Incrementality is the only number that matters: the extra sales you would not have made without the spend. And here the industry is repeating, almost line for line, the most expensive lesson of trade promotion. The pattern that trade-promotion analysis keeps returning to is sobering: only about a third of the volume a deal appears to create is genuinely incremental, and a large share of promotions never earn back their cost. We learned that the hard way, with years of "successful" promotions that were quietly destroying value. Retail media is walking the same path, and the people grading the test are the same people selling it.

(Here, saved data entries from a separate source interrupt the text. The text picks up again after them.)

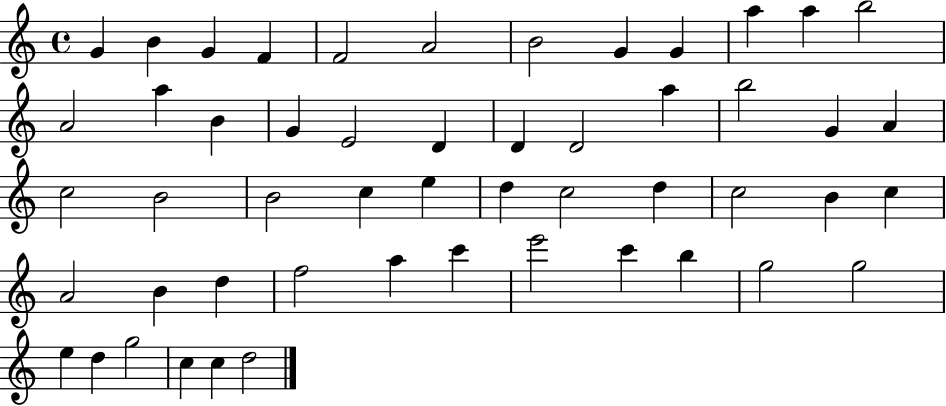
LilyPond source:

{
  \clef treble
  \time 4/4
  \defaultTimeSignature
  \key c \major
  g'4 b'4 g'4 f'4 | f'2 a'2 | b'2 g'4 g'4 | a''4 a''4 b''2 | \break a'2 a''4 b'4 | g'4 e'2 d'4 | d'4 d'2 a''4 | b''2 g'4 a'4 | \break c''2 b'2 | b'2 c''4 e''4 | d''4 c''2 d''4 | c''2 b'4 c''4 | \break a'2 b'4 d''4 | f''2 a''4 c'''4 | e'''2 c'''4 b''4 | g''2 g''2 | \break e''4 d''4 g''2 | c''4 c''4 d''2 | \bar "|."
}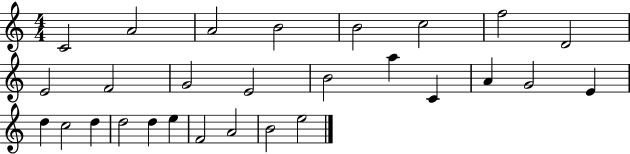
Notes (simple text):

C4/h A4/h A4/h B4/h B4/h C5/h F5/h D4/h E4/h F4/h G4/h E4/h B4/h A5/q C4/q A4/q G4/h E4/q D5/q C5/h D5/q D5/h D5/q E5/q F4/h A4/h B4/h E5/h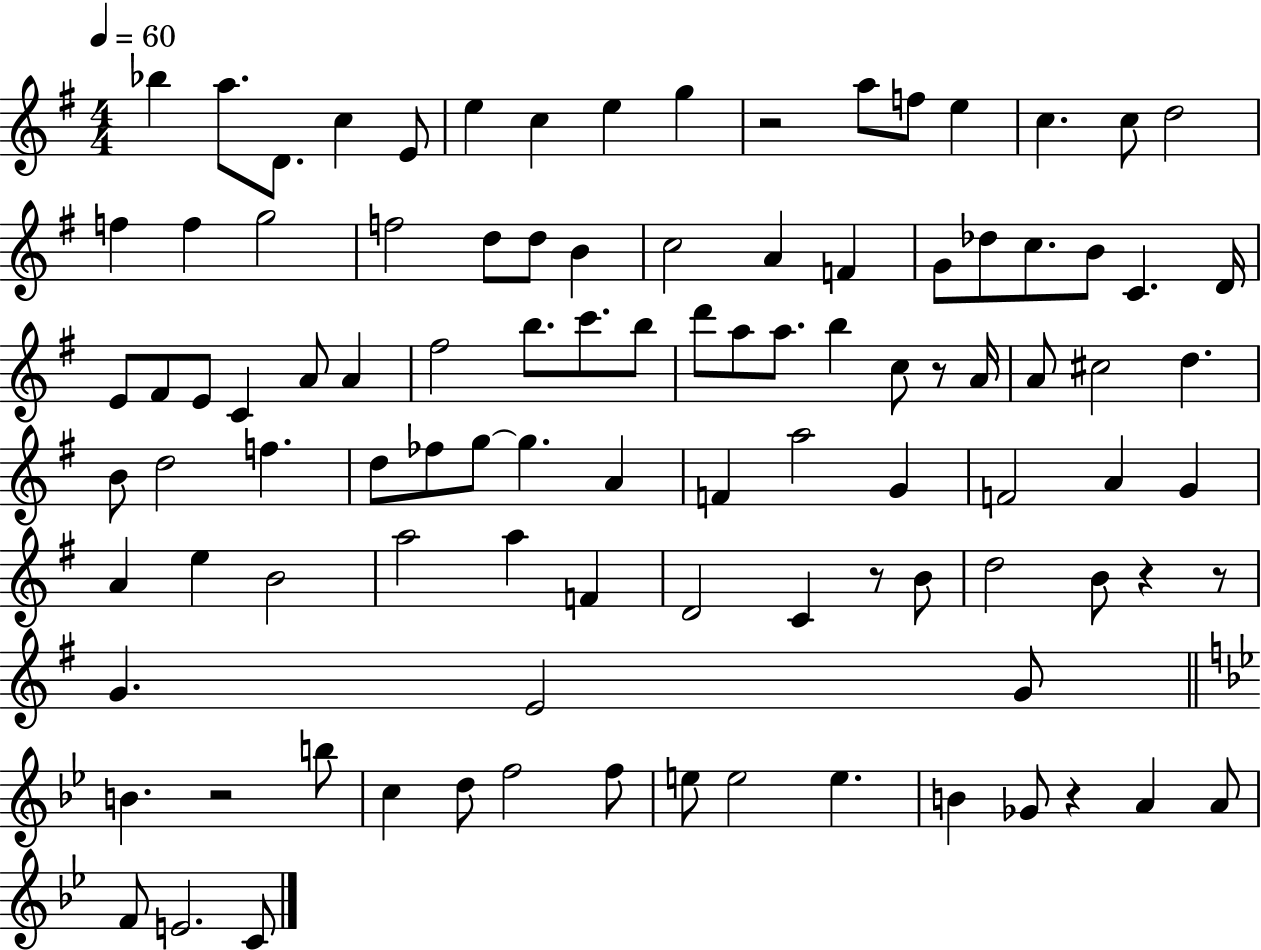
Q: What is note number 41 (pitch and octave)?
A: B5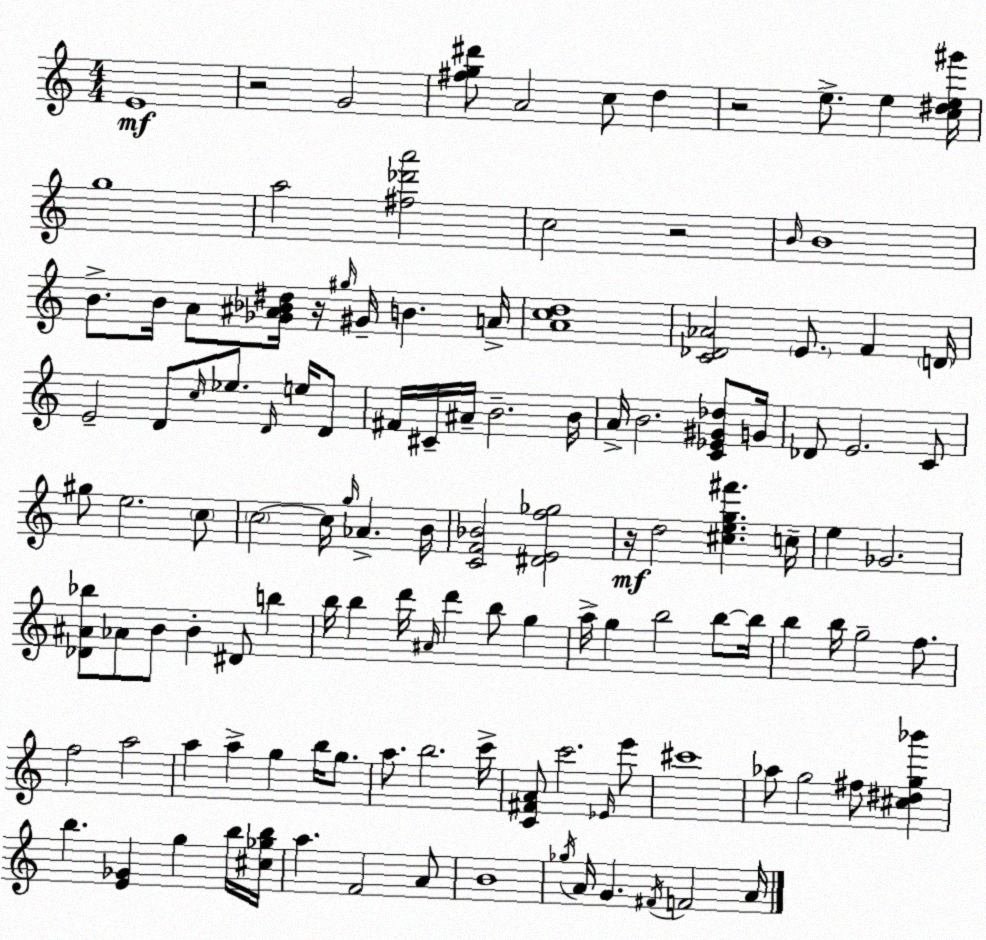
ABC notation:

X:1
T:Untitled
M:4/4
L:1/4
K:Am
E4 z2 G2 [^fg^d']/2 A2 c/2 d z2 e/2 e [c^de^g']/4 g4 a2 [^f_d'a']2 c2 z2 B/4 B4 B/2 B/4 A/2 [_G^A_B^d]/4 z/4 ^g/4 ^G/4 B A/4 [Acd]4 [C_D_A]2 E/2 F D/4 E2 D/2 c/4 _e/2 D/4 e/4 D/2 ^F/4 ^C/4 ^A/4 B2 B/4 A/4 B2 [C_E^G_d]/2 G/4 _D/2 E2 C/2 ^g/2 e2 c/2 c2 c/4 g/4 _A B/4 [CF_B]2 [^DEf_g]2 z/4 d2 [^ceg^f'] c/4 e _G2 [_D^A_b]/2 _A/2 B/2 B ^D/2 b b/4 b d'/4 ^A/4 d' b/2 g a/4 g b2 b/2 b/4 b b/4 g2 f/2 f2 a2 a a g b/4 g/2 a/2 b2 c'/4 [C^FA]/2 c'2 _E/4 e'/2 ^c'4 _a/2 g2 ^f/2 [^c^dg_b'] b [E_G] g b/4 [^c_gb]/4 a F2 A/2 B4 _g/4 A/4 G ^F/4 F2 A/4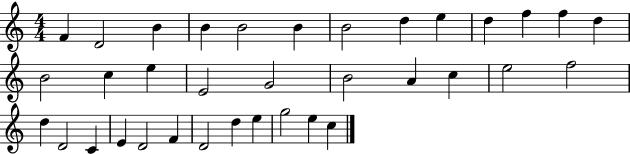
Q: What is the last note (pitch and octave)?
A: C5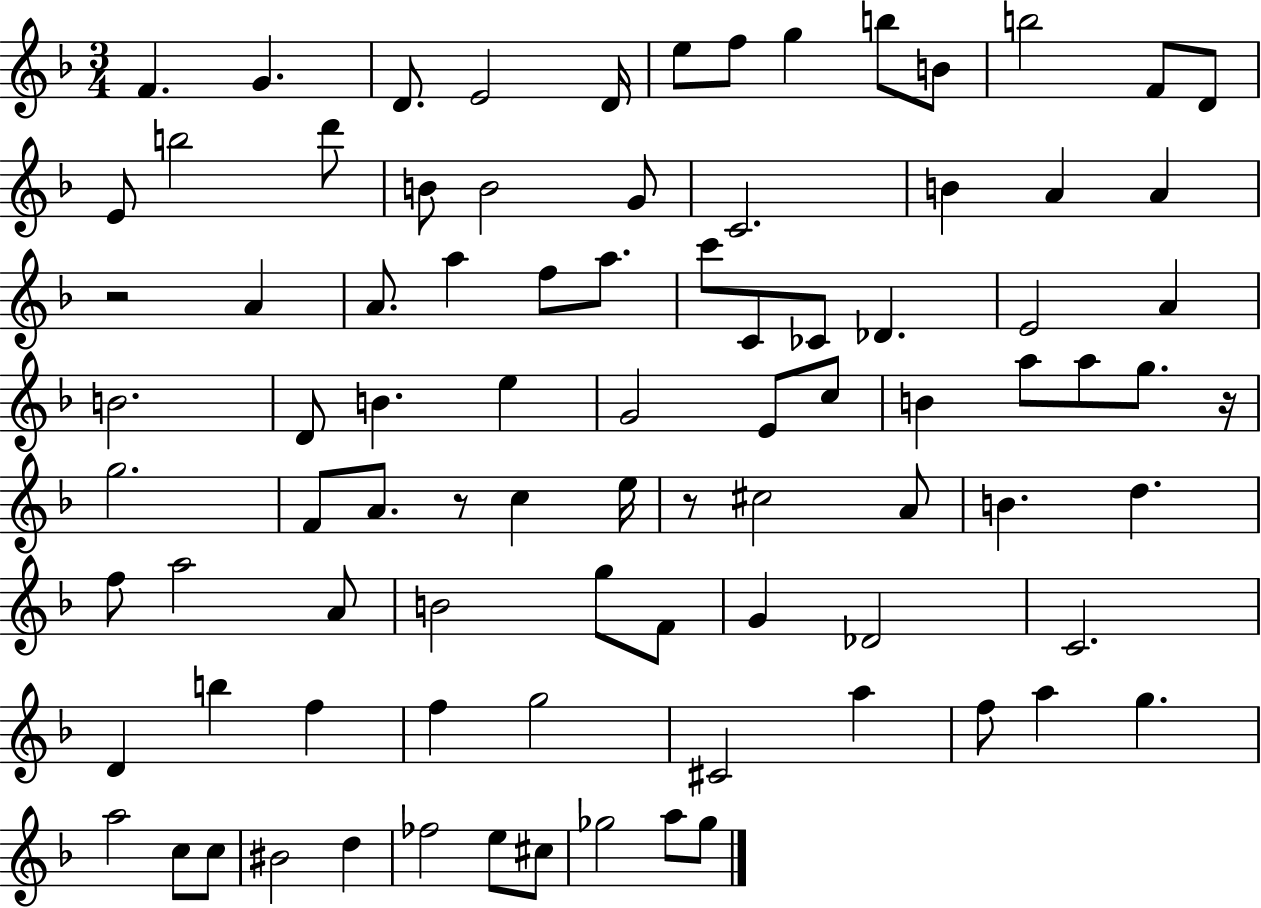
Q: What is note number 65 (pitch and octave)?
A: B5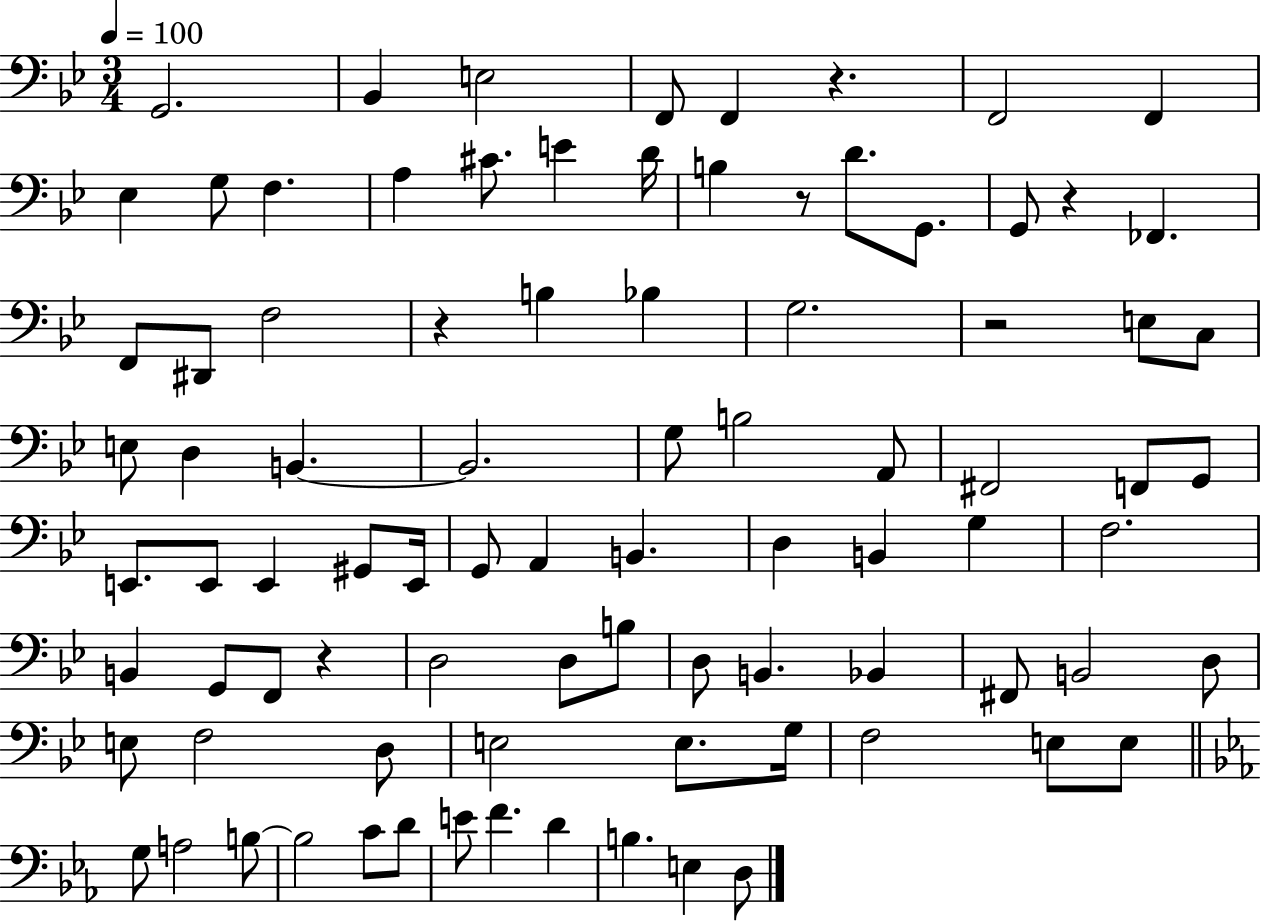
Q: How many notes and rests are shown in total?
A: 88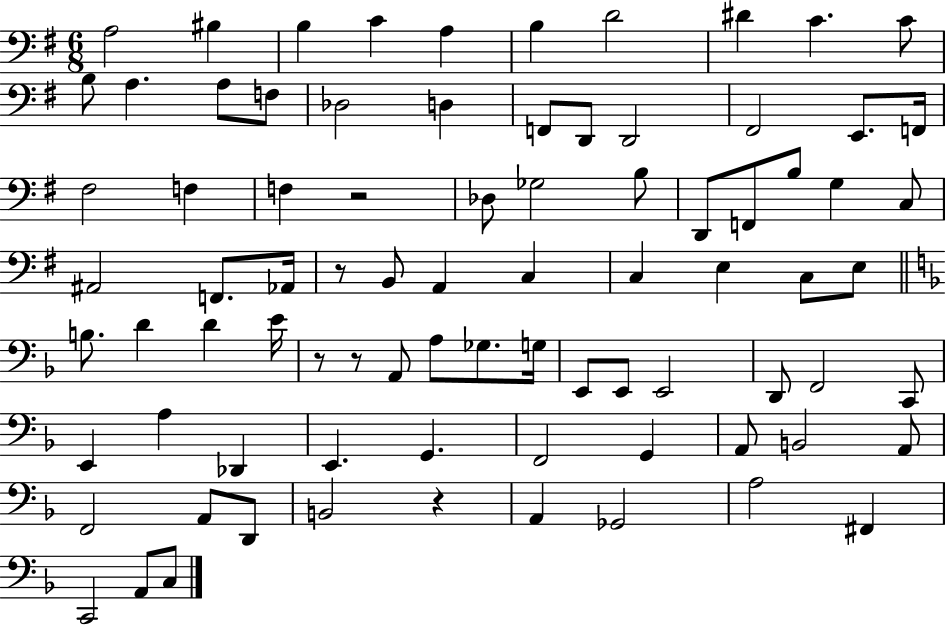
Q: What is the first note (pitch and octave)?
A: A3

That is not my characterisation, it is the industry's own. As one analysis in The Drum put it, ROAS "became the metric that was achievable, relatively easy to calculate, and within the retailer's control" [9]. Proving real incrementality is now the single most cited barrier to retail media investment, named by about a third of senior leaders, and only around 56 percent of brands rate their own measurement as strong [8]. Worse, there is no shared definition of what incremental even means; ask three brands and you will get three answers. When the seller controls the scoreboard and the buyer cannot agree on the rules, the number on the screen is marketing for the network, not management information for you.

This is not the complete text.